Panelists addressed the complexity of food insecurity and its relationship to economic, political, geographic and cultural factors.
“We’ve talked about water quality, we’ve talked about soil health, we’ve talked about mechanization, we’ve talked about global to local, we’ve talked about the role of universities and Extension research and education in making this happen,” Plaut said. “It’s all of us that will make the difference in the long term.”
Ejeta noted that roughly 800 million people around the world experience food insecurity, many of them children.

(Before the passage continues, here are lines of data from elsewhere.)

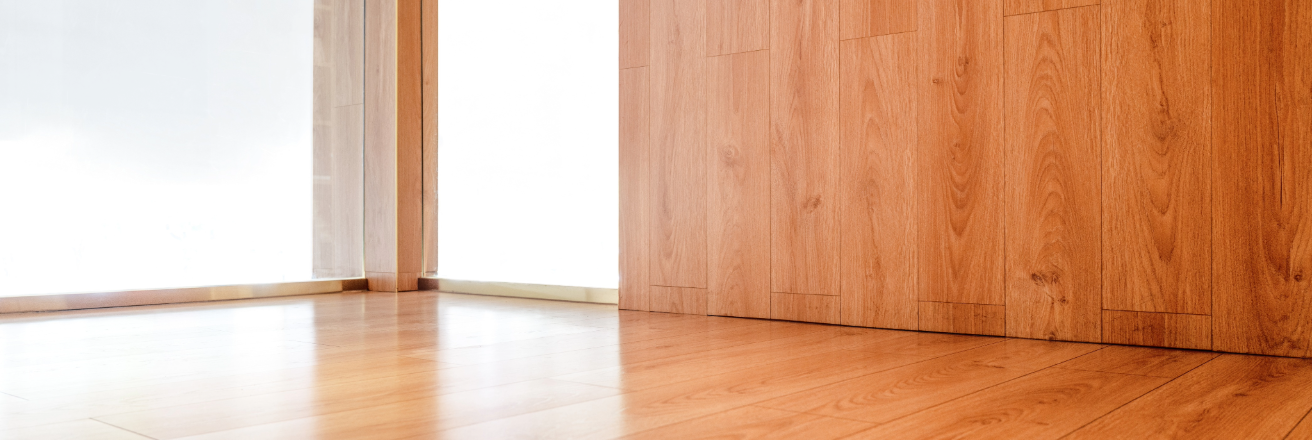 Light wood effect laminate panels for floor and wall coverage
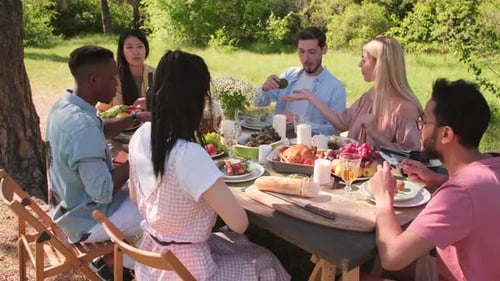 Friends Enjoying Food at Sunny Outdoor Picnic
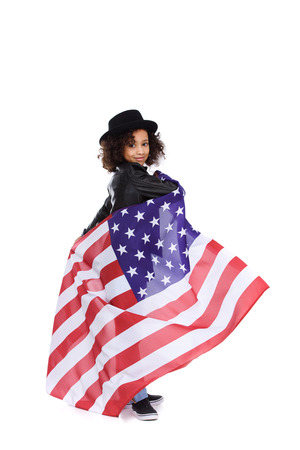 happy little child in stylish hat with usa flag isolated on whiteの写真素材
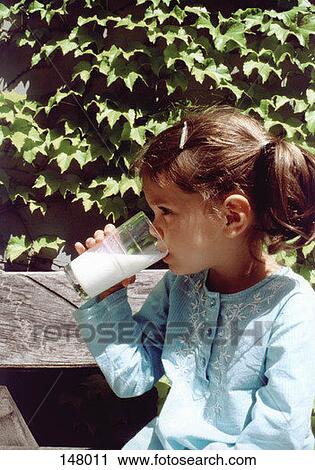Side view of young girl drinking milk View Large Photo Image Stock Image - Side view of young girl drinking milk. Fotosearch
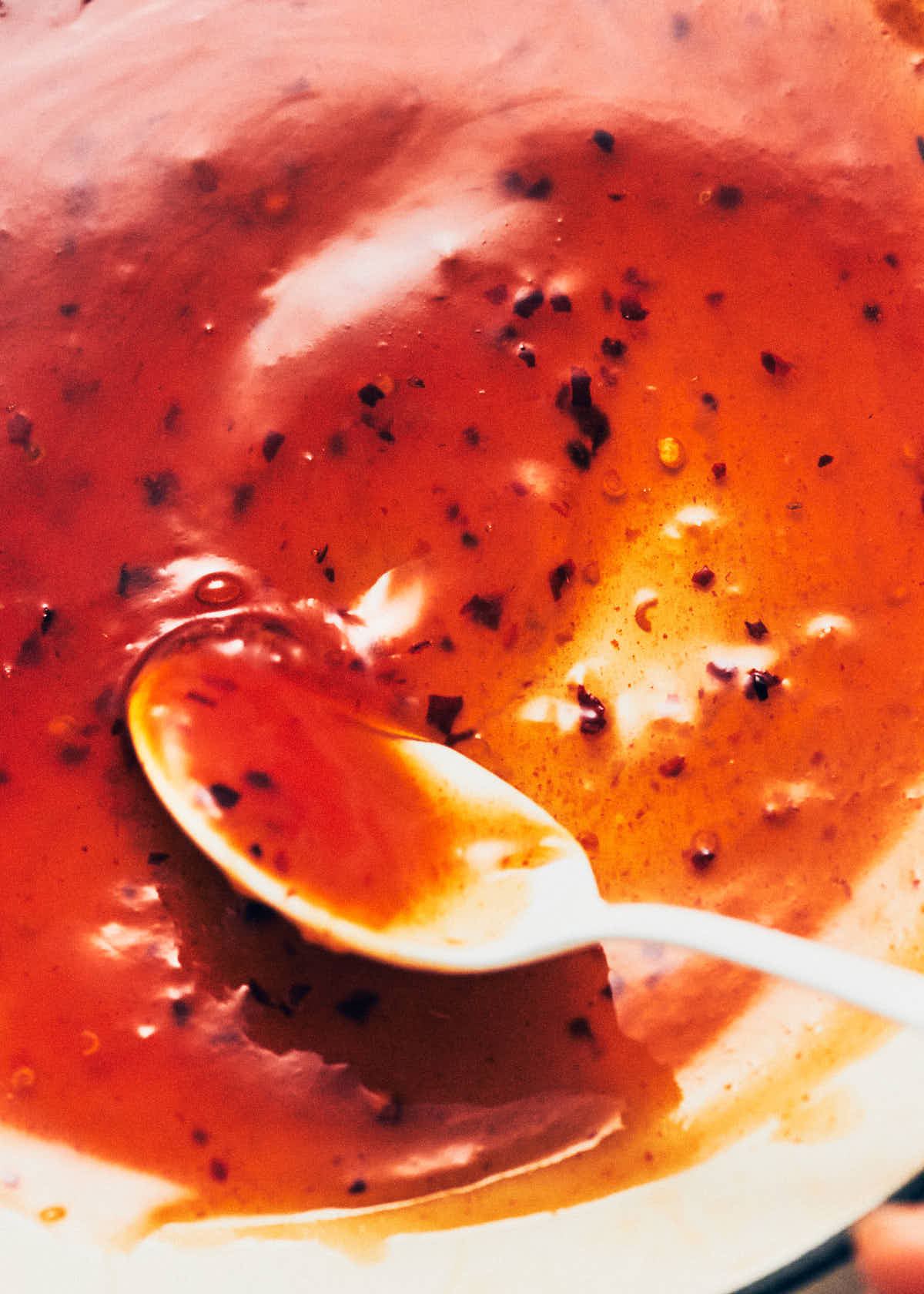 White spoon swirling sweet chili sauce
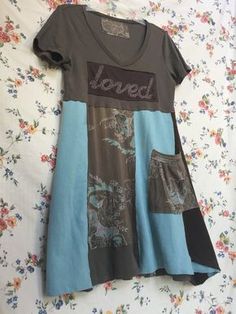 a women's t - shirt dress with patches on it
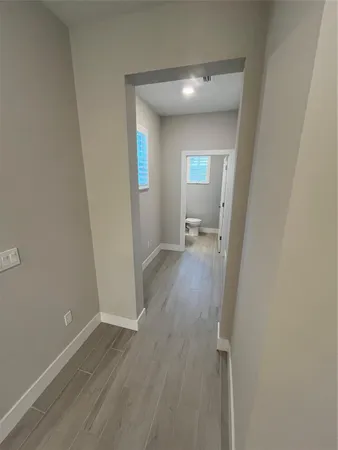 a view of a room with wooden floor and a bathroom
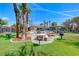 Resort-style community pool area featuring picnic tables, BBQ grills and lush landscaping at 5507 Nickel Ridge Way, Las Vegas, NV 89122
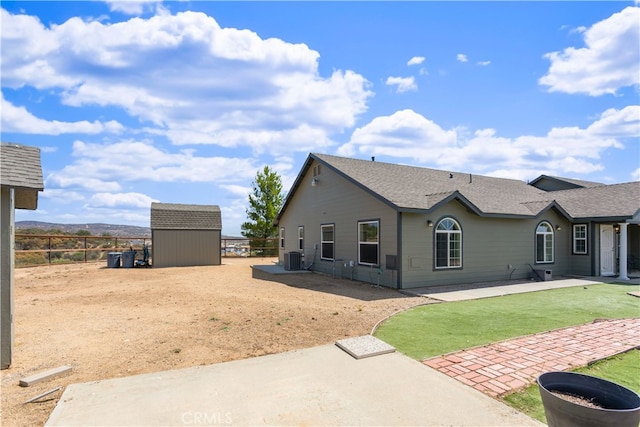 view of front of home with a storage unit and central air condition unit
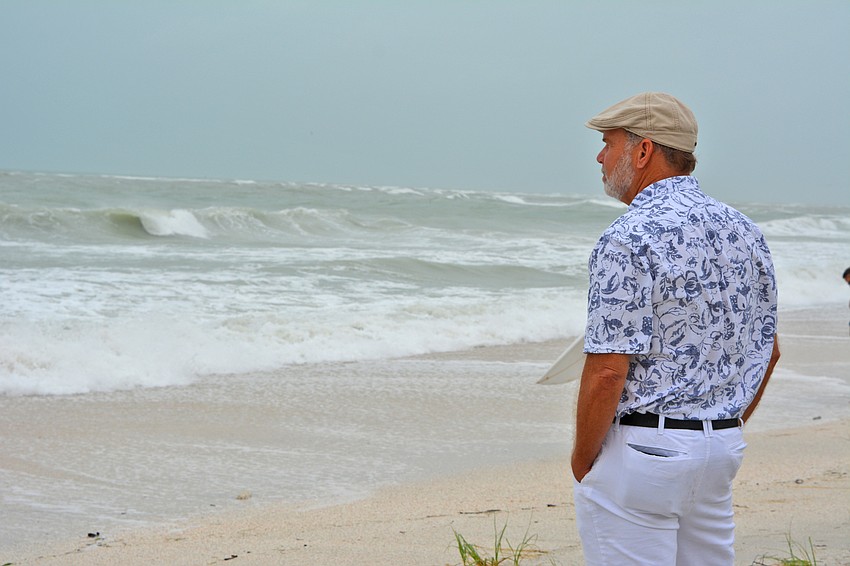 Beachgoers flock to Lido Beach to watch surfers.
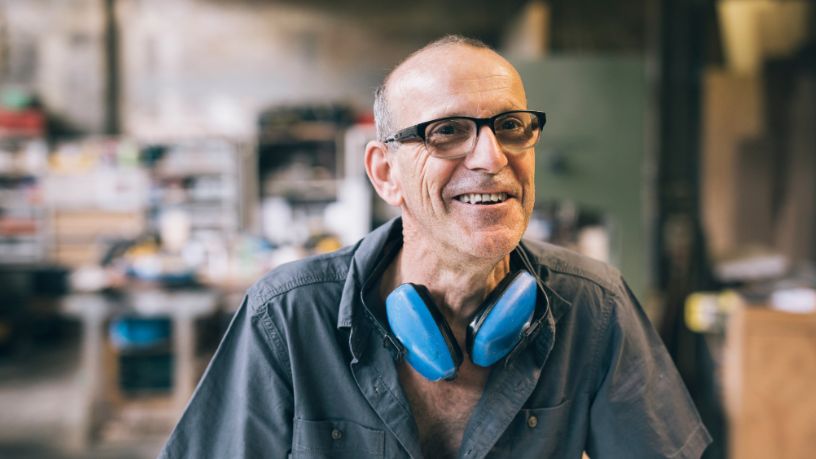 A man with a pair of earmuffs around his neck stands in a workshop.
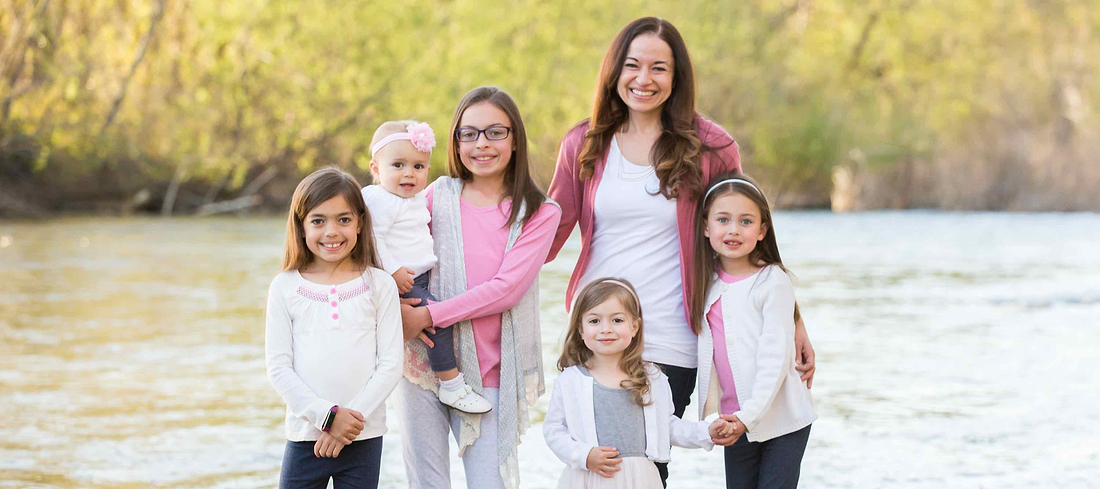 A joyful family shares a peaceful riverside moment, celebrating togetherness, love, and everyday connection.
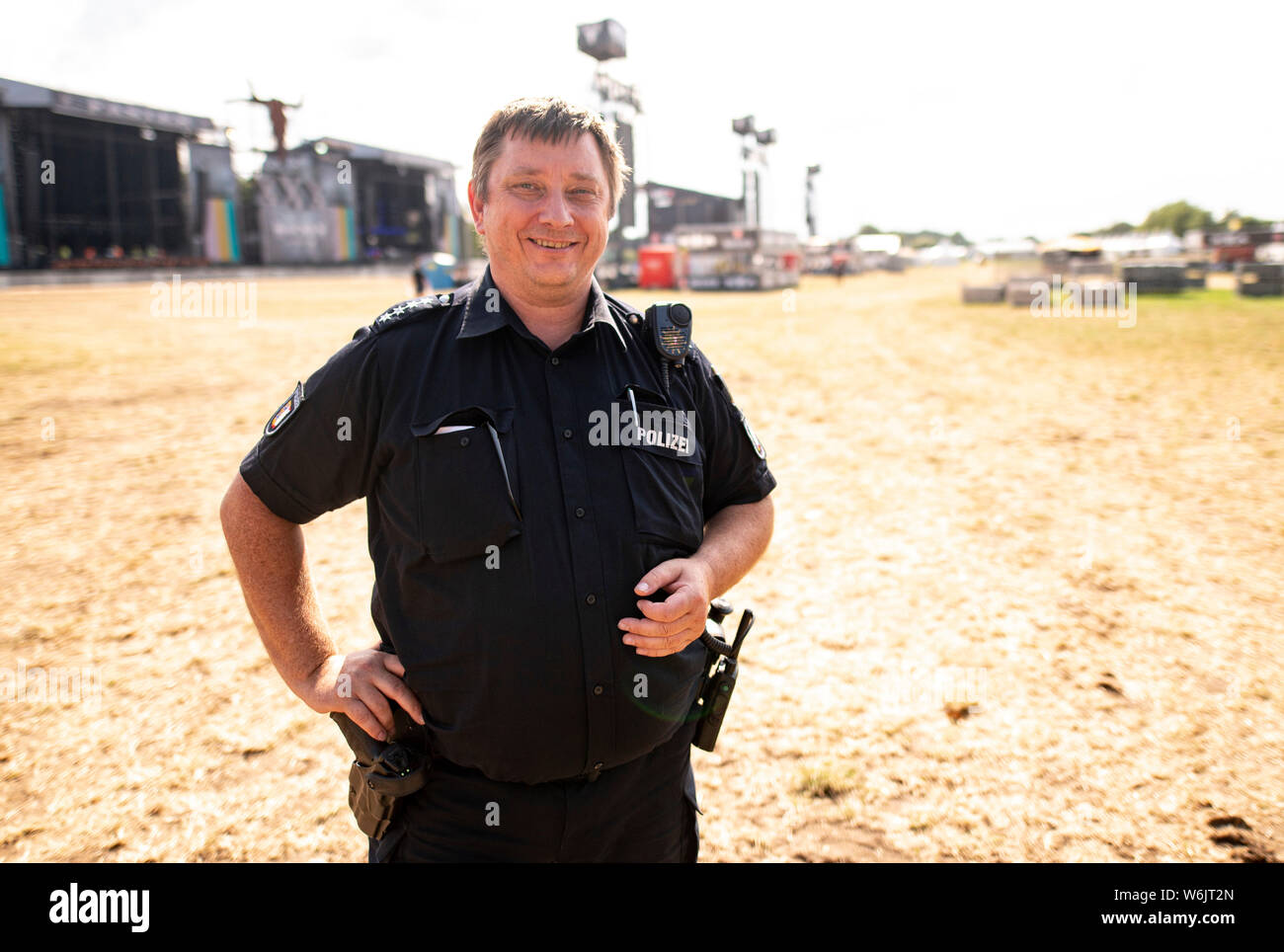 Wacken, Deutschland. Juli 31, 2019. Thomas Körn, Polizeichef der Brunsbüttel Polizeistation, steht im Infield des Wacken Open Air Festival, wo die letzten Bauarbeiten abgeschlossen sein wird. Körn ist der stellvertretende Vorsitzende der Polizei Führung für die größten Heavy Metal Festival der Welt, so die Veranstalter. (Dpa: Damals und heute: Das wacken Polizist, der mit uns Seit 1998) Credit: Axel Heimken/dpa/Alamy leben Nachrichten Stockfoto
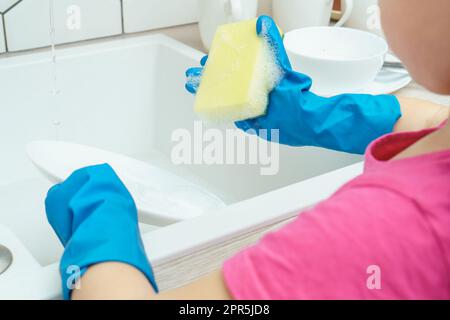 Foto ritagliata di una bambina che indossa una T-shirt rosa, guanti di gomma blu grandi, in piedi vicino al lavandino, tenendo una spugna gialla e sapone, lavando piatti dentro Foto Stock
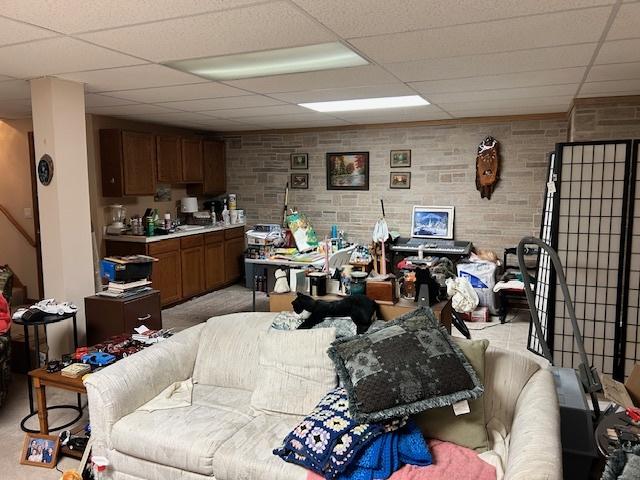 living room featuring a paneled ceiling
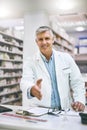 Welcome to the best pharmacy in town. Portrait of a cheerful mature male pharmacist reaching out to give a handshake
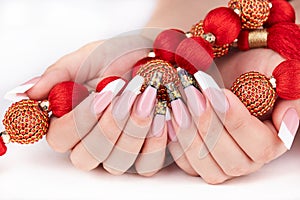 Hands with long artificial white and black french manicured nails and red necklace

He stressed that the issue must be addressed across disciplines.
“There is not a better model for the transdisciplinary approaches than the land grant university model of education, research and Extension,” he said.
Brouder said developing new technologies was not enough – those technologies had to be practical and useful for producers around the world.
“Part of our role as a land grant university is to identify the technologies that can be adopted and show how they should be adopted,” she said.
Following the panel discussion, Lugar continued his campus visit with a tour of the Purdue forestry and natural resources farm that bears his name.
The Richard G. Lugar Forestry Farm was named in 2014 to honor the former senator’s longstanding commitment to science-based advances in forestry. The 175-acre farm promotes production of improved hardwoods to benefit Indiana’s vital forest products industry. It operates primarily under the auspices of the Purdue Hardwood Tree Improvement and Regeneration Center, which Lugar helped create.